Visualize a few training samples along with the ground truth labels to get an idea of how the images look. You can run this multiple times to check different images

In [None]:
# get some random training images
dataiter = iter(train_loader)
images, labels = next(dataiter)

# print(labels)
show_images(images[:6], labels[:6])

## Load pre-trained model

As mentioned before, you have access to parameters of a pre-trained model `resnet4five.pt`, which is a standard ResNet18 model and has been trained to classify images into 5 classes ("Cat", "Deer", "Frog", "Ship", "Truck"), using larger dataset. It achieves accuracy of higher than 90% for these classes.

In [None]:
import torch
from model import generate_resnet

load_path = f'{env_path}/resnet4five.pt'     # Path to load the model from

device = "cpu" # Device to train on

# Create the model and summarize it. Note that the model has been trained to
# classify only 5 classes
num_classes = 5
model = generate_resnet(num_classes=num_classes) # Generate the resnet18 model

# Next we load the pre-trained weights, and set it to the model we created
model.load_state_dict(torch.load(load_path, map_location=torch.device('cpu')))

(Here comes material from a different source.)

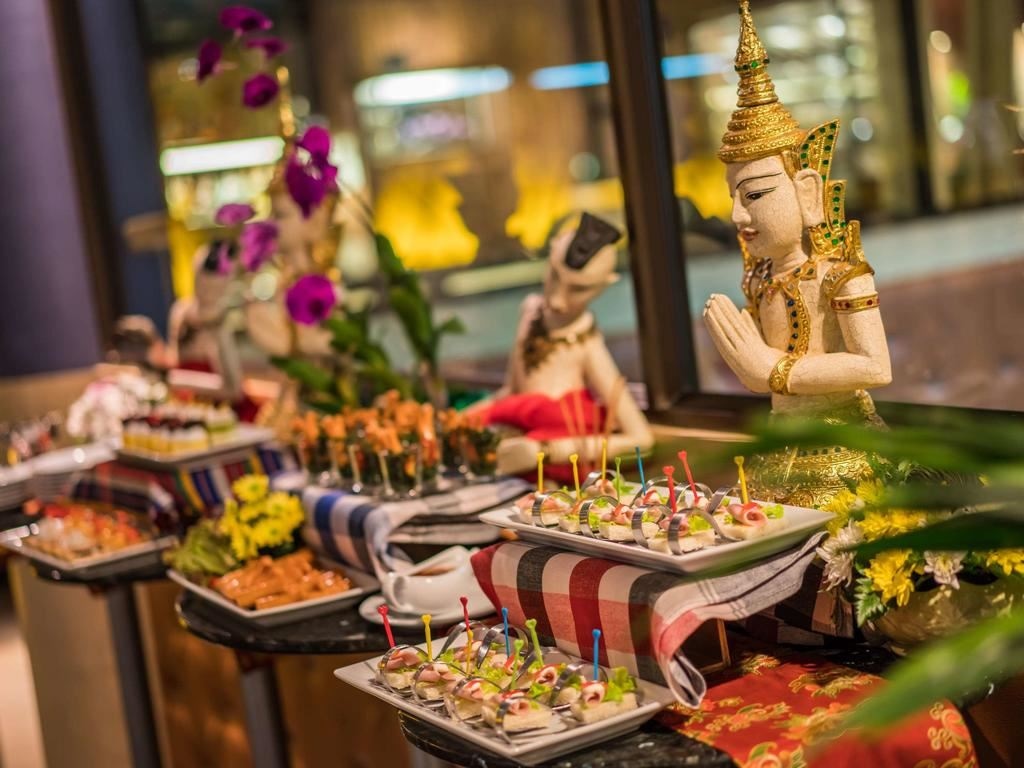 restaurants-the-square-restaurant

Next, we can test the pre-trained model on the dataset.

In [None]:
from evaluation import evaluate_model

# Evaluate the model
val_accuracy = evaluate_model(model, val_loader, device=device, 
                              mapping=map5to10)
print(f"Validation accuracy with pretrained model: {val_accuracy:.3f}")
test_accuracy = evaluate_model(model, test_loader, device=device, 
                               mapping=map5to10)
print(f"Test accuracy with pretrained model: {test_accuracy:.3f}")

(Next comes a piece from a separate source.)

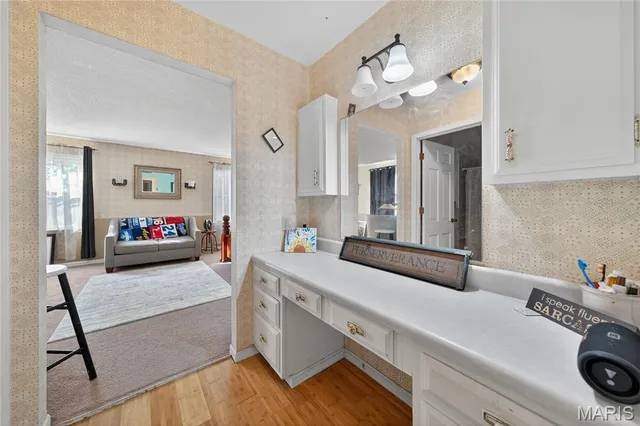 $299,900 | 511 McWard Ct 1, Bowling Green, MO 63334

To further analyse the performance, we will look at the the classification accuracy per-class.

Define a plotting function for per-class accuracies.

In [None]:
# show class-based accuracies

def show_class_accs(accs_dict, class_names=None, title=" "):

    accs, names = list(), list()
    for key, value in accs_dict.items():
        name = class_names[key] if class_names is not None else str(key)
        names.append(name)
        accs.append(value)

    y_pos = np.arange(len(names))

    fig, ax = plt.subplots()

    hbars = ax.barh(y_pos, accs, align='center')
    ax.set_yticks(y_pos)
    ax.set_yticklabels(names)
    ax.invert_yaxis()  # labels read top-to-bottom
    ax.set_xlabel('Accuracy')
    ax.set_title(title)

    plt.show()


In [None]:
from evaluation import evaluate_model

# Classwise Accuracies
val_class_accs = evaluate_model(model, val_loader, device=device, 
                              mapping=map5to10, classwise=True)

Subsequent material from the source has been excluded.